Le plan d’actions qui figure dans la feuille de route de la grande conférence sociale de 2014 fait également une large place aux difficultés que rencontrent les seniors sur le marché du travail.

Par ailleurs, près d’un tiers des emplois aidés, qu’il s’agisse des contrats initiative emploi, les CIE, ou des contrats d’accompagnement dans l’emploi, les CAE, ont bénéficié à des demandeurs d’emploi seniors en 2014, les objectifs que nous nous étions fixés ayant même été dépassés, et plus de 45 000 demandes d’aides – et non 20 000, madame Duranton – ont été enregistrées dans le cadre des contrats de génération depuis leur création.

Ainsi que beaucoup d’entre vous l’ont rappelé, lors de son entretien télévisé du 6 novembre 2014, le Président de la République a annoncé, à propos des personnes « qui ont toutes leurs annuités et plus de 60 ans », qu’« une prestation permettra de les conduire à la retraite dans de bonnes conditions ».

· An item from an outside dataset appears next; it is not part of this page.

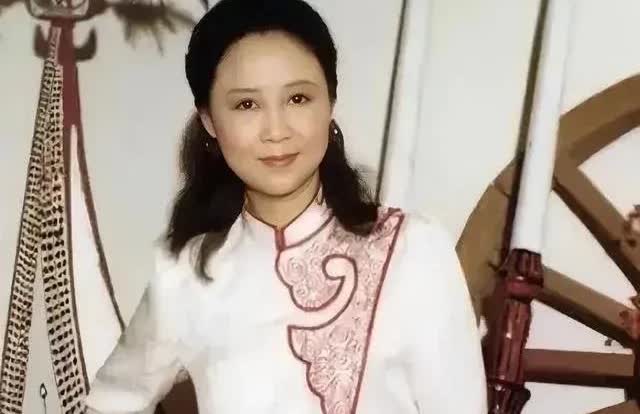 琼瑶成名后为什么不再与蒋仁相见？琼瑶阿姨成名后其实与女中的同学还是有联系的。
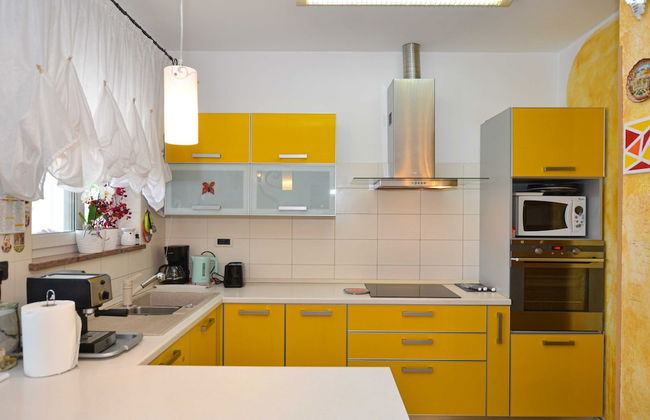 Radovani Peaceful and Serene Apartment With Terrace - Foto 8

La mise en œuvre d’une telle mesure s’inscrit, vous le savez, dans un contexte particulièrement contraint sur le plan des finances publiques. En effet, la mesure doit être financée sur un budget de l’emploi qui, par ailleurs, finance aussi les mesures d’activation des demandeurs d’emploi, telles que les contrats aidés ou la garantie jeunes.

Par conséquent, un équilibre difficile, délicat doit être trouvé entre, premièrement, la protection de certains demandeurs d’emploi seniors, deuxièmement, les contraintes financières dont je viens de parler et, troisièmement, la cohérence d’ensemble des politiques de l’emploi en faveur des seniors.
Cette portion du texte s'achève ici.